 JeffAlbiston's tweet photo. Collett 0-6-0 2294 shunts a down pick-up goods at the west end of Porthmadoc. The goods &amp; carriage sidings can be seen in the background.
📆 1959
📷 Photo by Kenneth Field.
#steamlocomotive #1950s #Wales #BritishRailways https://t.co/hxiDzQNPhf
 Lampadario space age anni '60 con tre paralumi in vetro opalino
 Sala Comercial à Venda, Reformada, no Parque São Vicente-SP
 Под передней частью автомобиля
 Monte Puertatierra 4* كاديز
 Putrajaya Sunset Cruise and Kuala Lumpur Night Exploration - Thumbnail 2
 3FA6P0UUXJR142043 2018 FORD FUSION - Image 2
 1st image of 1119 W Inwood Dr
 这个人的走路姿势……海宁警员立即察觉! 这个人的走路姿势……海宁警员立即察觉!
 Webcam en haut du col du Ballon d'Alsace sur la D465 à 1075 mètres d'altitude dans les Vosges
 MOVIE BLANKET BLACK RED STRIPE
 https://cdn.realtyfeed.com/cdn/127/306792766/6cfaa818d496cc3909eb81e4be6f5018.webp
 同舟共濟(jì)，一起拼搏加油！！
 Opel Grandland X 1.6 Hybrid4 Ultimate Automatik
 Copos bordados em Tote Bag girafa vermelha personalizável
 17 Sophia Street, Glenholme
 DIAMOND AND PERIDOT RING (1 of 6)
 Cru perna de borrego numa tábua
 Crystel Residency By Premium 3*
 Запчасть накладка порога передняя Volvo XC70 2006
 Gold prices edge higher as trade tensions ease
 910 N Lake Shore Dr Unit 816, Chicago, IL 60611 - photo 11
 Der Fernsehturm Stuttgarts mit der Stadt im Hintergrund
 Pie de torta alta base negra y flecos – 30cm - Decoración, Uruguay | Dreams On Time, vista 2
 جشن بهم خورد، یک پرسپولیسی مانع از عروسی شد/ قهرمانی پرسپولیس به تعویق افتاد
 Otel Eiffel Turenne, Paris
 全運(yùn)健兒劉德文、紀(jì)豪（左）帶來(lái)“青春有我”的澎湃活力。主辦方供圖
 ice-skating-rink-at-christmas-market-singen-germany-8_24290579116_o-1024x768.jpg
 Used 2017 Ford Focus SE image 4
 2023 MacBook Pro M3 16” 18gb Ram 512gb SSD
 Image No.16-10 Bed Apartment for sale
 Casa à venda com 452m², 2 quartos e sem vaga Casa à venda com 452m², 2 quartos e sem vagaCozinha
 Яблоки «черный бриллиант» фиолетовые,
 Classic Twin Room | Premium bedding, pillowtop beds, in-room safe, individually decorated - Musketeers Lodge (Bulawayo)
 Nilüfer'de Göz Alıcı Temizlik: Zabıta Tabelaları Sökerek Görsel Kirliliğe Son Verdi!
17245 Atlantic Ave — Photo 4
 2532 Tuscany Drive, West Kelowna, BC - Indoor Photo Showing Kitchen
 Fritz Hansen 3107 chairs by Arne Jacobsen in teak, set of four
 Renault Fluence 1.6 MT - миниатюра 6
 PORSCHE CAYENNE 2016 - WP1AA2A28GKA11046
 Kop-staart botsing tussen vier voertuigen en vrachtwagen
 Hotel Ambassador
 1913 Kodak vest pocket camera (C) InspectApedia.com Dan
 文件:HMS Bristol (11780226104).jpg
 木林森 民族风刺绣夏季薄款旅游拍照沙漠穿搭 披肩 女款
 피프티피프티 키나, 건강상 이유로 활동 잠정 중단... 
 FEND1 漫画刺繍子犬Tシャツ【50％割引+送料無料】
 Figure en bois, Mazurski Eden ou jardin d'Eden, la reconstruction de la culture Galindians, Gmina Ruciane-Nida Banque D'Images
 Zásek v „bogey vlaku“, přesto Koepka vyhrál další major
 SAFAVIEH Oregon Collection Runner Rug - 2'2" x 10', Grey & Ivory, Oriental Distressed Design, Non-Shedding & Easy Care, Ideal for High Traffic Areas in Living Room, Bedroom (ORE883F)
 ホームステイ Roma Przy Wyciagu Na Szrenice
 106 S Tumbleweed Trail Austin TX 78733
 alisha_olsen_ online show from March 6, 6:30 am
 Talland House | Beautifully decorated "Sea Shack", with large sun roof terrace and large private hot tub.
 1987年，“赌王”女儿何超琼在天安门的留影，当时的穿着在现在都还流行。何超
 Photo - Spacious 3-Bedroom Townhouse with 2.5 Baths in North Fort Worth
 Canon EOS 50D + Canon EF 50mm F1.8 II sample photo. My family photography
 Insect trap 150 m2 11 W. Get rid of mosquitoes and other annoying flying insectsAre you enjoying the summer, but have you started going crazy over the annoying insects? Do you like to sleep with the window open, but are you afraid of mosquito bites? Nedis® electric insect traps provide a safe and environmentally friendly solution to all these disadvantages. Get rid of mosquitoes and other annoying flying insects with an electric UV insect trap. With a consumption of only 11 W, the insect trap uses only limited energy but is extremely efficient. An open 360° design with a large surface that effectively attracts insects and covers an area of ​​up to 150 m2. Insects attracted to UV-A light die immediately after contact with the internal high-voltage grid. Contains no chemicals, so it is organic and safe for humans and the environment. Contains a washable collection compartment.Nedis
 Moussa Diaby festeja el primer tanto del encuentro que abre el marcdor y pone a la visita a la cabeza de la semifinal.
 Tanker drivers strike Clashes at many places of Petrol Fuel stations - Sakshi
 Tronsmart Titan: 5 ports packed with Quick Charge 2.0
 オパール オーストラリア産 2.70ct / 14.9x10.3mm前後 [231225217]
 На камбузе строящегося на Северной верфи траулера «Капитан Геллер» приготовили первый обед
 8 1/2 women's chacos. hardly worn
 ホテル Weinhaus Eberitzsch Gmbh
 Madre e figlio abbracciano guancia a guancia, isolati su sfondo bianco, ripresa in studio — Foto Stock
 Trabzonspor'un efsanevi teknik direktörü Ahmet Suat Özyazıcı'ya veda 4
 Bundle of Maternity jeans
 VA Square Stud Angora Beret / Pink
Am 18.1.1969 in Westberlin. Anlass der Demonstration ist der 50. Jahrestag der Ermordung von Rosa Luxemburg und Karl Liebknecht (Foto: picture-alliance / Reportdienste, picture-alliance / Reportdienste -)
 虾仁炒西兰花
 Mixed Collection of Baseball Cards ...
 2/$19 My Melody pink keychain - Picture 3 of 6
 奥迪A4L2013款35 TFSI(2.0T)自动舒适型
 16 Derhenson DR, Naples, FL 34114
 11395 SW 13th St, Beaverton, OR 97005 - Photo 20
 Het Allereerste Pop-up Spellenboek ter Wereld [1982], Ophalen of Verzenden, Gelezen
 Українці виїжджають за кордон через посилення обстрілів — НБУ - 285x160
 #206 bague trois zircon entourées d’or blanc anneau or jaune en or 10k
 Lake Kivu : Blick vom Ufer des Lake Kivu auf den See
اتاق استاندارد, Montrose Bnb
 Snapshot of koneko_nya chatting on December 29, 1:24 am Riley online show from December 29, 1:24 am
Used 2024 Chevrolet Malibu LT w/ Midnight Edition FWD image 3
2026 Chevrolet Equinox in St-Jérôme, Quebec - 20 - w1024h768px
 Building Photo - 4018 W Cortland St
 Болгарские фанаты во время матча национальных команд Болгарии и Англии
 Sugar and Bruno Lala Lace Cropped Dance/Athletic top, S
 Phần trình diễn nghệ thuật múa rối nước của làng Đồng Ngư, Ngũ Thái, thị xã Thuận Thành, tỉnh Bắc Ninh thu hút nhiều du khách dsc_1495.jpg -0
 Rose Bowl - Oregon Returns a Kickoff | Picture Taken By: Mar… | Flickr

:::::

**Exercise brief:** Each entry above must be printed exactly as written.

**Solution for this task:**
 JeffAlbiston's tweet photo. Collett 0-6-0 2294 shunts a down pick-up goods at the west end of Porthmadoc. The goods &amp; carriage sidings can be seen in the background.
📆 1959
📷 Photo by Kenneth Field.
#steamlocomotive #1950s #Wales #BritishRailways https://t.co/hxiDzQNPhf
 Lampadario space age anni '60 con tre paralumi in vetro opalino
 Sala Comercial à Venda, Reformada, no Parque São Vicente-SP
 Под передней частью автомобиля
 Monte Puertatierra 4* كاديز
 Putrajaya Sunset Cruise and Kuala Lumpur Night Exploration - Thumbnail 2
 3FA6P0UUXJR142043 2018 FORD FUSION - Image 2
 1st image of 1119 W Inwood Dr
 这个人的走路姿势……海宁警员立即察觉! 这个人的走路姿势……海宁警员立即察觉!
 Webcam en haut du col du Ballon d'Alsace sur la D465 à 1075 mètres d'altitude dans les Vosges
 MOVIE BLANKET BLACK RED STRIPE
 https://cdn.realtyfeed.com/cdn/127/306792766/6cfaa818d496cc3909eb81e4be6f5018.webp
 同舟共濟(jì)，一起拼搏加油！！
 Opel Grandland X 1.6 Hybrid4 Ultimate Automatik
 Copos bordados em Tote Bag girafa vermelha personalizável
 17 Sophia Street, Glenholme
 DIAMOND AND PERIDOT RING (1 of 6)
 Cru perna de borrego numa tábua
 Crystel Residency By Premium 3*
 Запчасть накладка порога передняя Volvo XC70 2006
 Gold prices edge higher as trade tensions ease
 910 N Lake Shore Dr Unit 816, Chicago, IL 60611 - photo 11
 Der Fernsehturm Stuttgarts mit der Stadt im Hintergrund
 Pie de torta alta base negra y flecos – 30cm - Decoración, Uruguay | Dreams On Time, vista 2
 جشن بهم خورد، یک پرسپولیسی مانع از عروسی شد/ قهرمانی پرسپولیس به تعویق افتاد
 Otel Eiffel Turenne, Paris
 全運(yùn)健兒劉德文、紀(jì)豪（左）帶來(lái)“青春有我”的澎湃活力。主辦方供圖
 ice-skating-rink-at-christmas-market-singen-germany-8_24290579116_o-1024x768.jpg
 Used 2017 Ford Focus SE image 4
 2023 MacBook Pro M3 16” 18gb Ram 512gb SSD
 Image No.16-10 Bed Apartment for sale
 Casa à venda com 452m², 2 quartos e sem vaga Casa à venda com 452m², 2 quartos e sem vagaCozinha
 Яблоки «черный бриллиант» фиолетовые,
 Classic Twin Room | Premium bedding, pillowtop beds, in-room safe, individually decorated - Musketeers Lodge (Bulawayo)
 Nilüfer'de Göz Alıcı Temizlik: Zabıta Tabelaları Sökerek Görsel Kirliliğe Son Verdi!
17245 Atlantic Ave — Photo 4
 2532 Tuscany Drive, West Kelowna, BC - Indoor Photo Showing Kitchen
 Fritz Hansen 3107 chairs by Arne Jacobsen in teak, set of four
 Renault Fluence 1.6 MT - миниатюра 6
 PORSCHE CAYENNE 2016 - WP1AA2A28GKA11046
 Kop-staart botsing tussen vier voertuigen en vrachtwagen
 Hotel Ambassador
 1913 Kodak vest pocket camera (C) InspectApedia.com Dan
 文件:HMS Bristol (11780226104).jpg
 木林森 民族风刺绣夏季薄款旅游拍照沙漠穿搭 披肩 女款
 피프티피프티 키나, 건강상 이유로 활동 잠정 중단... 
 FEND1 漫画刺繍子犬Tシャツ【50％割引+送料無料】
 Figure en bois, Mazurski Eden ou jardin d'Eden, la reconstruction de la culture Galindians, Gmina Ruciane-Nida Banque D'Images
 Zásek v „bogey vlaku“, přesto Koepka vyhrál další major
 SAFAVIEH Oregon Collection Runner Rug - 2'2" x 10', Grey & Ivory, Oriental Distressed Design, Non-Shedding & Easy Care, Ideal for High Traffic Areas in Living Room, Bedroom (ORE883F)
 ホームステイ Roma Przy Wyciagu Na Szrenice
 106 S Tumbleweed Trail Austin TX 78733
 alisha_olsen_ online show from March 6, 6:30 am
 Talland House | Beautifully decorated "Sea Shack", with large sun roof terrace and large private hot tub.
 1987年，“赌王”女儿何超琼在天安门的留影，当时的穿着在现在都还流行。何超
 Photo - Spacious 3-Bedroom Townhouse with 2.5 Baths in North Fort Worth
 Canon EOS 50D + Canon EF 50mm F1.8 II sample photo. My family photography
 Insect trap 150 m2 11 W. Get rid of mosquitoes and other annoying flying insectsAre you enjoying the summer, but have you started going crazy over the annoying insects? Do you like to sleep with the window open, but are you afraid of mosquito bites? Nedis® electric insect traps provide a safe and environmentally friendly solution to all these disadvantages. Get rid of mosquitoes and other annoying flying insects with an electric UV insect trap. With a consumption of only 11 W, the insect trap uses only limited energy but is extremely efficient. An open 360° design with a large surface that effectively attracts insects and covers an area of ​​up to 150 m2. Insects attracted to UV-A light die immediately after contact with the internal high-voltage grid. Contains no chemicals, so it is organic and safe for humans and the environment. Contains a washable collection compartment.Nedis
 Moussa Diaby festeja el primer tanto del encuentro que abre el marcdor y pone a la visita a la cabeza de la semifinal.
 Tanker drivers strike Clashes at many places of Petrol Fuel stations - Sakshi
 Tronsmart Titan: 5 ports packed with Quick Charge 2.0
 オパール オーストラリア産 2.70ct / 14.9x10.3mm前後 [231225217]
 На камбузе строящегося на Северной верфи траулера «Капитан Геллер» приготовили первый обед
 8 1/2 women's chacos. hardly worn
 ホテル Weinhaus Eberitzsch Gmbh
 Madre e figlio abbracciano guancia a guancia, isolati su sfondo bianco, ripresa in studio — Foto Stock
 Trabzonspor'un efsanevi teknik direktörü Ahmet Suat Özyazıcı'ya veda 4
 Bundle of Maternity jeans
 VA Square Stud Angora Beret / Pink
Am 18.1.1969 in Westberlin. Anlass der Demonstration ist der 50. Jahrestag der Ermordung von Rosa Luxemburg und Karl Liebknecht (Foto: picture-alliance / Reportdienste, picture-alliance / Reportdienste -)
 虾仁炒西兰花
 Mixed Collection of Baseball Cards ...
 2/$19 My Melody pink keychain - Picture 3 of 6
 奥迪A4L2013款35 TFSI(2.0T)自动舒适型
 16 Derhenson DR, Naples, FL 34114
 11395 SW 13th St, Beaverton, OR 97005 - Photo 20
 Het Allereerste Pop-up Spellenboek ter Wereld [1982], Ophalen of Verzenden, Gelezen
 Українці виїжджають за кордон через посилення обстрілів — НБУ - 285x160
 #206 bague trois zircon entourées d’or blanc anneau or jaune en or 10k
 Lake Kivu : Blick vom Ufer des Lake Kivu auf den See
اتاق استاندارد, Montrose Bnb
 Snapshot of koneko_nya chatting on December 29, 1:24 am Riley online show from December 29, 1:24 am
Used 2024 Chevrolet Malibu LT w/ Midnight Edition FWD image 3
2026 Chevrolet Equinox in St-Jérôme, Quebec - 20 - w1024h768px
 Building Photo - 4018 W Cortland St
 Болгарские фанаты во время матча национальных команд Болгарии и Англии
 Sugar and Bruno Lala Lace Cropped Dance/Athletic top, S
 Phần trình diễn nghệ thuật múa rối nước của làng Đồng Ngư, Ngũ Thái, thị xã Thuận Thành, tỉnh Bắc Ninh thu hút nhiều du khách dsc_1495.jpg -0
 Rose Bowl - Oregon Returns a Kickoff | Picture Taken By: Mar… | Flickr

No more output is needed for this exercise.